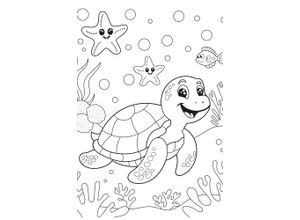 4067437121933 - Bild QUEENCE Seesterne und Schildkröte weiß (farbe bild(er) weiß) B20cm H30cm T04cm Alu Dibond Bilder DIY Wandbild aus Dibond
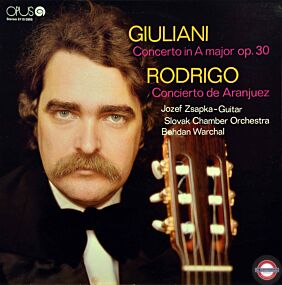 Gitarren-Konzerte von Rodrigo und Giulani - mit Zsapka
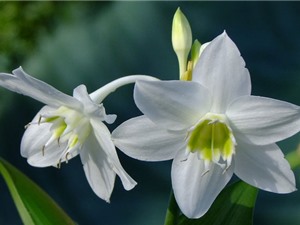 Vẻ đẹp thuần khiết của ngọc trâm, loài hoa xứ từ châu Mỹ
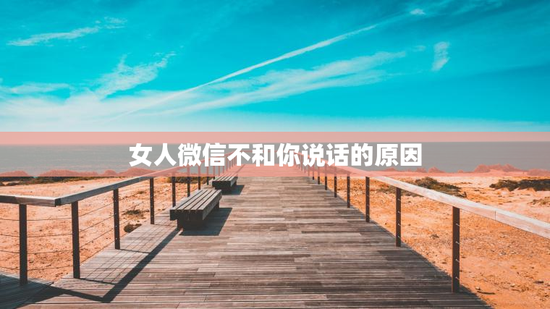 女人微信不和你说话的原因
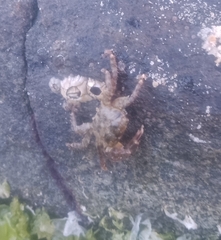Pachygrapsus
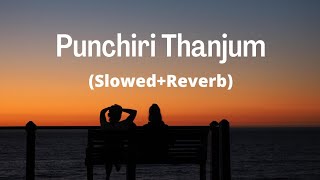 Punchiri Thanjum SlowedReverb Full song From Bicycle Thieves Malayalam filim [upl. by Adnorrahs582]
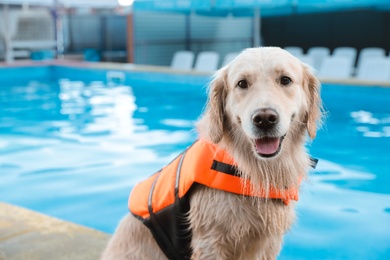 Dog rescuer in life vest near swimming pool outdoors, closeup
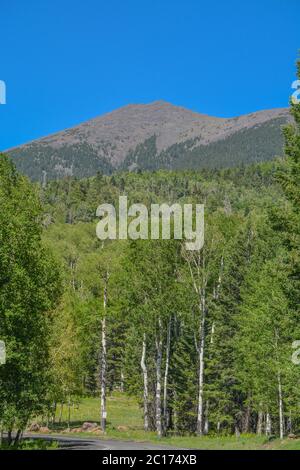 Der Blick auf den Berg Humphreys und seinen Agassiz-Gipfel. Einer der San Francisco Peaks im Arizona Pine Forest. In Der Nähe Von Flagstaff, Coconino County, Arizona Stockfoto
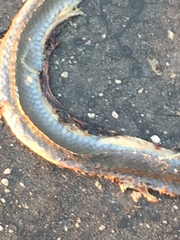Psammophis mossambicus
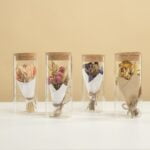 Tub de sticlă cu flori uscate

# # # # #

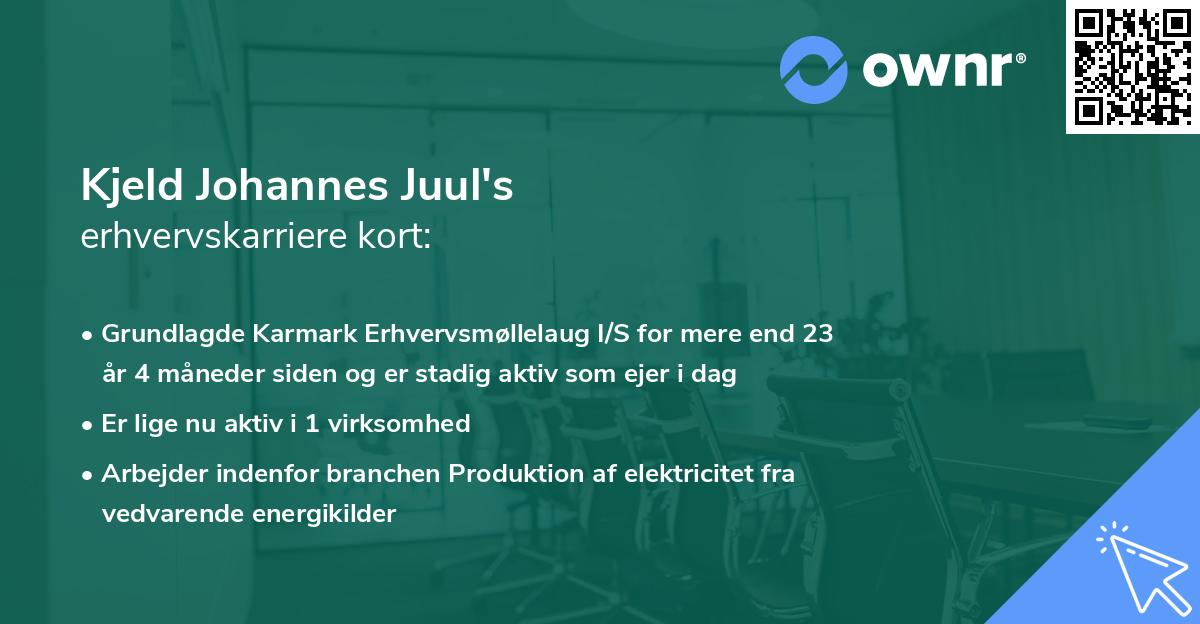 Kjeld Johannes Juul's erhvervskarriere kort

# # # # #

[The task]:
Reproduce, exactly and only, the lines of the records above starting at the line with "4067437121933 - Bild" and ending at the line with "Tub de sticlă cu flori uscate", both included. Leave every picture out.

[Result below]:
 4067437121933 - Bild QUEENCE Seesterne und Schildkröte weiß (farbe bild(er) weiß) B20cm H30cm T04cm Alu Dibond Bilder DIY Wandbild aus Dibond
 Gitarren-Konzerte von Rodrigo und Giulani - mit Zsapka
 Vẻ đẹp thuần khiết của ngọc trâm, loài hoa xứ từ châu Mỹ
 女人微信不和你说话的原因
Pachygrapsus
 Punchiri Thanjum SlowedReverb Full song From Bicycle Thieves Malayalam filim [upl. by Adnorrahs582]
 Dog rescuer in life vest near swimming pool outdoors, closeup
 Der Blick auf den Berg Humphreys und seinen Agassiz-Gipfel. Einer der San Francisco Peaks im Arizona Pine Forest. In Der Nähe Von Flagstaff, Coconino County, Arizona Stockfoto
Psammophis mossambicus
 Tub de sticlă cu flori uscate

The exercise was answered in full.